* [Instructions to follow]:
Every line below from the one with "Used 2023 Gray Mercedes-Benz G 550 image 21" through the one with "Used Mazda CX-4" is to be repeated exactly, with no picture among them.

*** Opening of Records provided ***

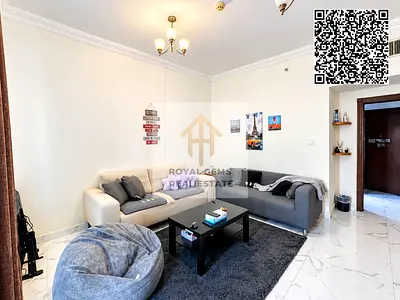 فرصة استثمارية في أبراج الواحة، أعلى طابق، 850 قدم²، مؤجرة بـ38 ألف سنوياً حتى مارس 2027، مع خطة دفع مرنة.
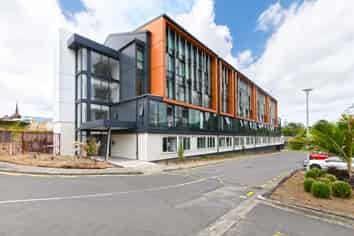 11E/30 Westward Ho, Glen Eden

*** Close of Records provided ***
*** Opening of Records provided ***

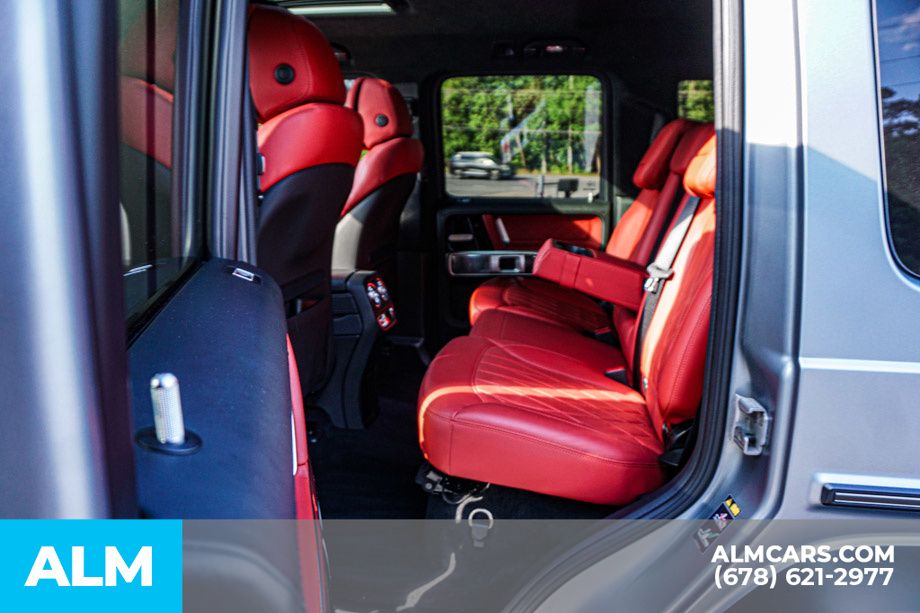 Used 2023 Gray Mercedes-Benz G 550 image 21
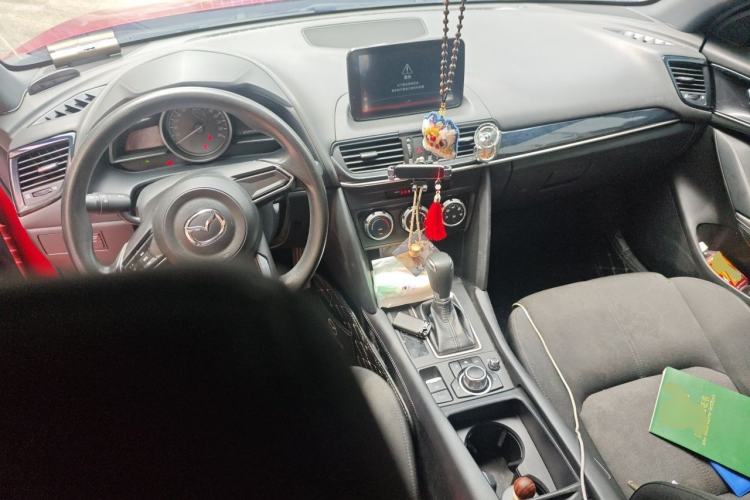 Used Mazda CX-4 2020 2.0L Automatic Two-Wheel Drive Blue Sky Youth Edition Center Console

*** Close of Records provided ***
*** Opening of Records provided ***

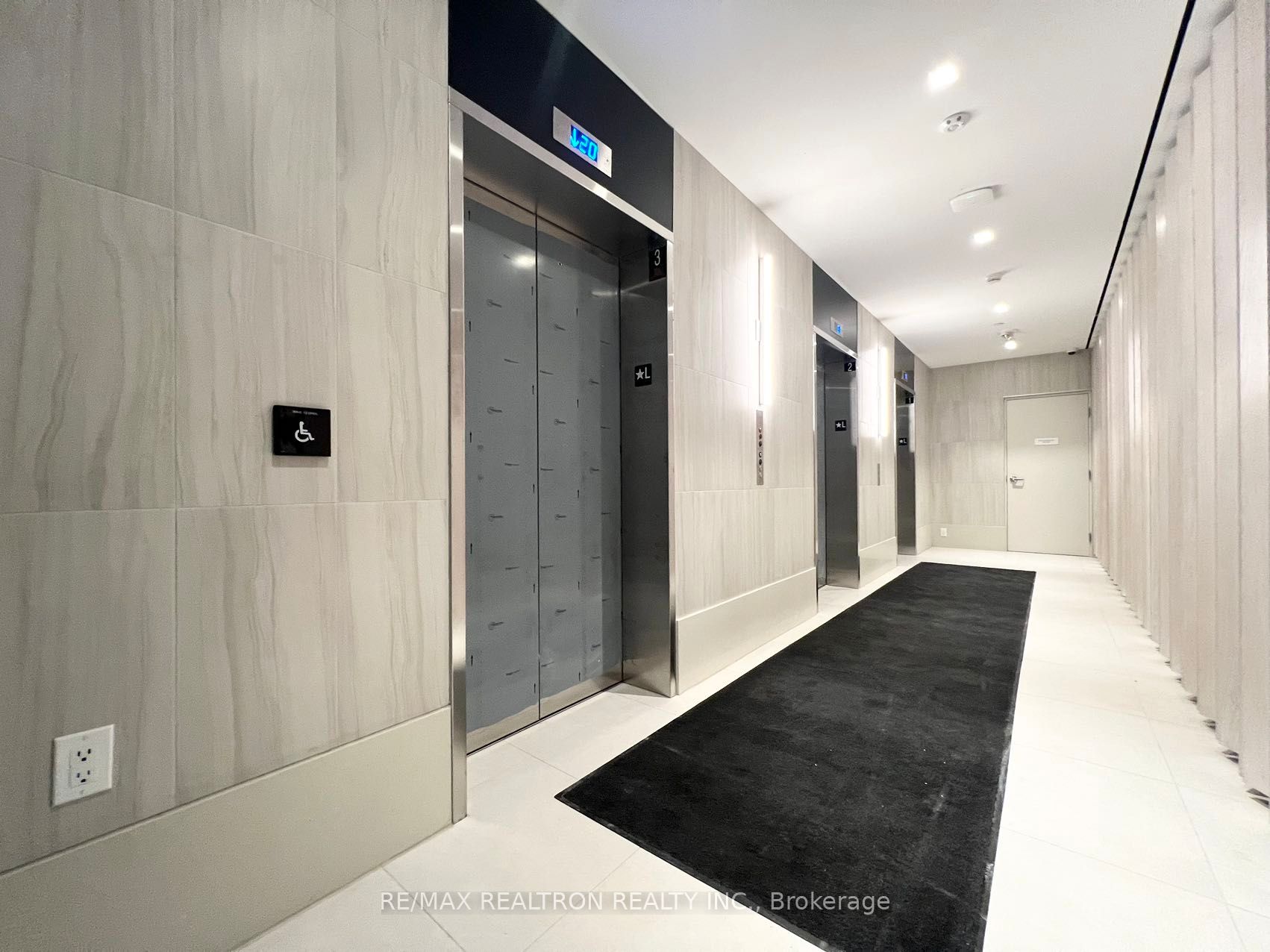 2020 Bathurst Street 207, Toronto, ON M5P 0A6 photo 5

*** Close of Records provided ***

* [Final answer]:
 Used 2023 Gray Mercedes-Benz G 550 image 21
 Used Mazda CX-4 2020 2.0L Automatic Two-Wheel Drive Blue Sky Youth Edition Center Console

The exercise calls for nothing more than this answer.